Hands like trap jaws gripped my arms and pushed me up against the rough stone wall, pinning me there. Pain burst in white-hot splinters through my injured right arm, and I swallowed an involuntary cry. The coldness of metal touched my cheekbone. “This is a gun,
tuan,”
a soft, almost dreamy voice said. “Stand very quiet.”

And the other one said, “Or else we kill you right here and now, make no mistake.”

Malayan and Eurasian.

Van Rijk’s hirelings.

Chapter Eighteen

I
THOUGHT: Wong Sot, the son of a bitch, sold me out.

Oh Christ, I had walked into a trap like a bloody goddam amateur! Van Rijk knew his way around Singapore as well as I did, and he would have put the word out on me. So many dollars guaranteed for the delivery of Dan Connell. And with Wong Sot, it wouldn’t have taken many dollars at all. He’d called Van Rijk as soon as I’d hung up this afternoon, and Van Rijk had dispatched his two orang
sewaan-sewaan
to keep the rendezvous. I was just no good at this kind of game any more; I had stopped thinking the way the brotherhood thought—foolishly, suicidally.

The Malay moved the gun high along my cheekbone, pressuring it. A sharp edge on the barrel gouged into my skin and I felt a quick cut of pain and then the warmth and wetness of blood. “We will go now,
tuan,”
he said. “No sudden movements, yes?”

I felt the pressure lessen on my right arm. I stood motionless, my teeth set against the pain. The hand released me cautiously, and when I didn’t move, the Eurasian backed off two steps. He had a gun, too, and it would have been useless to try anything in this situation. I didn’t think they would kill me just yet—Van Rijk would want to see me first —but I knew they wouldn’t hesitate to work on me with gun barrels and fists and shoes if I tried to resist. And a beating would destroy any subsequent chance I might have for escape. Passivity was the role I had to play now; the frightened co-operative.
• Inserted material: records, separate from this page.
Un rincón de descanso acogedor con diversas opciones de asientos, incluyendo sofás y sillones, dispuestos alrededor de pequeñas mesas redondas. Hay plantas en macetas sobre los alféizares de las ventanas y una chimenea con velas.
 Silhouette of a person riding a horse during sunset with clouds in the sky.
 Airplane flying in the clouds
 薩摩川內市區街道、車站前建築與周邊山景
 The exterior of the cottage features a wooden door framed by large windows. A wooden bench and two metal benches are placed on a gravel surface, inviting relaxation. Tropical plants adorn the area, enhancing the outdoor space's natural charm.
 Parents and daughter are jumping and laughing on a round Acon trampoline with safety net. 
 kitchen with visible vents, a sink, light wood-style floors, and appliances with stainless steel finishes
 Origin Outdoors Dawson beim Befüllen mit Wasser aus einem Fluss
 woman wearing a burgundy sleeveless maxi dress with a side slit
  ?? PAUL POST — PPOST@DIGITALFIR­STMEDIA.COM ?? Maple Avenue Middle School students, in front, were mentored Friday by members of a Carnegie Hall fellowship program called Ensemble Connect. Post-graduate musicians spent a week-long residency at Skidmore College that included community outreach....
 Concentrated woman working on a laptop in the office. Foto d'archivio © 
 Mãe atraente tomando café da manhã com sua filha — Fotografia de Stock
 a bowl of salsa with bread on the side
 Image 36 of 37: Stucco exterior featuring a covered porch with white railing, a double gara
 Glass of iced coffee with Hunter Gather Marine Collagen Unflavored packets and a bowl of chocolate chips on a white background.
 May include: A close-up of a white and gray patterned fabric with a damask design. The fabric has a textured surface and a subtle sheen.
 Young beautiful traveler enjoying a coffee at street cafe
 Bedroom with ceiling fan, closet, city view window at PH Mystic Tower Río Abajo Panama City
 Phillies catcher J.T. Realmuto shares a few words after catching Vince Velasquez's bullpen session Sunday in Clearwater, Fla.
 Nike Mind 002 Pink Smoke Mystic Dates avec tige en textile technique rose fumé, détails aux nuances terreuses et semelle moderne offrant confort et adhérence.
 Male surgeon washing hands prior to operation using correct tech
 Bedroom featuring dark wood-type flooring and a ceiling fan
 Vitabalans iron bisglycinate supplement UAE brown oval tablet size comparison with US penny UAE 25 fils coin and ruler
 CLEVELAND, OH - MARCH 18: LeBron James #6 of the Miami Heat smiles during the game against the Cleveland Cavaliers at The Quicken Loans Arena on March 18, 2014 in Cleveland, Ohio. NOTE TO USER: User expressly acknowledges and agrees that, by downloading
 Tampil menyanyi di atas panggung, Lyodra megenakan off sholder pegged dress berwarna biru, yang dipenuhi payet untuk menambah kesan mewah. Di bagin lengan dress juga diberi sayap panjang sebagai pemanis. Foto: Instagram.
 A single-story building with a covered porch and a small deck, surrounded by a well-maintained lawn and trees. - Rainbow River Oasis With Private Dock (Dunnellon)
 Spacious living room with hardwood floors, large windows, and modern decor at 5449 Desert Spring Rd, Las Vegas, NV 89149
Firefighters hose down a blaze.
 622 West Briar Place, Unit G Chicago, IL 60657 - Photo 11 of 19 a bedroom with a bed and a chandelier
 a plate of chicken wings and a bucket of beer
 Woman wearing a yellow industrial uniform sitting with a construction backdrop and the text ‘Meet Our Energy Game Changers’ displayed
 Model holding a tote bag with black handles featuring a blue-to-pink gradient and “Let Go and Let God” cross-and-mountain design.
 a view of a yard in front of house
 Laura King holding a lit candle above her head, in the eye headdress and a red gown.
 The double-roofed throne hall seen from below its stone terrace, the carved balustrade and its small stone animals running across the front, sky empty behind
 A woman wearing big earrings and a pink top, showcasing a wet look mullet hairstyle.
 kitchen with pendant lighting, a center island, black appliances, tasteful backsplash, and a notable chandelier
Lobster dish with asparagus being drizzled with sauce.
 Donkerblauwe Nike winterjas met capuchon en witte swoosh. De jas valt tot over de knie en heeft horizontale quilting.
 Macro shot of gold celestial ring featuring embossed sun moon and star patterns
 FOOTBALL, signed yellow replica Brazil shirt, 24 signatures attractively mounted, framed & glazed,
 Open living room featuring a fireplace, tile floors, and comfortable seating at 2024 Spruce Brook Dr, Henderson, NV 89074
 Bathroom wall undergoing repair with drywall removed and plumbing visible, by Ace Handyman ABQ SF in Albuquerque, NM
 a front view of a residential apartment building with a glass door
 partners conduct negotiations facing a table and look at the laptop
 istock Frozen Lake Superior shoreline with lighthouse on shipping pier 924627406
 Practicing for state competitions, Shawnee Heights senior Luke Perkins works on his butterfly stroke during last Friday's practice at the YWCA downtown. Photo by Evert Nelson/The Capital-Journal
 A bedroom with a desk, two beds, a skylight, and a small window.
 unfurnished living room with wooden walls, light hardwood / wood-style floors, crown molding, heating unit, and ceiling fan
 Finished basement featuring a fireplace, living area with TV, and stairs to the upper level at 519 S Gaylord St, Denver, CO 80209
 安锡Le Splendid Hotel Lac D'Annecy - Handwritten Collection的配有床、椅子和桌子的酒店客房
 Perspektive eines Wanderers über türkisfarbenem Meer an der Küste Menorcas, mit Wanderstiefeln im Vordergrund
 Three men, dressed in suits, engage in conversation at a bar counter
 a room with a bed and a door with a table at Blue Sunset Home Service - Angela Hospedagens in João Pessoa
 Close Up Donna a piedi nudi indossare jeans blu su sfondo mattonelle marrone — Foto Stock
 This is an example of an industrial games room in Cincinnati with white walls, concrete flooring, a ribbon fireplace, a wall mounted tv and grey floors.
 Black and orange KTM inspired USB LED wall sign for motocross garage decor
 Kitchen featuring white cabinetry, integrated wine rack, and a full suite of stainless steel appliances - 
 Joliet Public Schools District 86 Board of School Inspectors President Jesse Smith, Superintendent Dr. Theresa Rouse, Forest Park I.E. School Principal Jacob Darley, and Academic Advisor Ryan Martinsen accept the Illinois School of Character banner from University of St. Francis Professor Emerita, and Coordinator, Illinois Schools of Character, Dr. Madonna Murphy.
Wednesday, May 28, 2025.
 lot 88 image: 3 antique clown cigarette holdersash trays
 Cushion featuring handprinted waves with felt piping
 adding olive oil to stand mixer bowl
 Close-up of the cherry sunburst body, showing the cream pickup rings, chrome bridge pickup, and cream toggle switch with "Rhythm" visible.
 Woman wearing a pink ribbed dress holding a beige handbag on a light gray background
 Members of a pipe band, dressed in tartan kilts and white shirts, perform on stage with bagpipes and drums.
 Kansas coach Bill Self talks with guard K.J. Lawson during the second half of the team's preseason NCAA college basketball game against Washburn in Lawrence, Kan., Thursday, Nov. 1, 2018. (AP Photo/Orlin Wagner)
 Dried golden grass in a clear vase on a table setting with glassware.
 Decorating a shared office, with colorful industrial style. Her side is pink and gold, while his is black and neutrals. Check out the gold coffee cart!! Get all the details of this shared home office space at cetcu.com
The Malay shoved me away from the wall, still gripping my left wrist. The gun burrowed into the softness beneath my rib cage on that side. We went around the corner and along the side of the darkened godown, the Eurasian hanging back a couple of steps; they were a pair of professionals, all right.

On the street fronting the string of godowns, a thousand yards from the entrance to Wong Sot’s, the English Ford was parked in heavy shadow. The Malay pushed me into the rear seat and got in next to me; the pressure remained hard on my wrist, and the gun—a Mauser, I saw in the dome light—still nuzzled my side in mute warning. I could smell stale curry and sour wine on his breath. The Eurasian slid under the wheel in front, and a moment later we moved away rapidly into the night.

The ride lasted twenty minutes, all of them silent. I turned my head away from the Malay’s breath, but otherwise I held my body still. We went over to Orchard Road and along there toward the exclusive Tanglin sector of the city, and then turned onto a quiet residential street lined with palms and well-landscaped villas and colonials. Upper-class Singapore, where the Chettiar bankers and the Chinese
towkays
and the British and American investors and businessmen lived. Money and gentility and quiet luxury. And Van Rijk.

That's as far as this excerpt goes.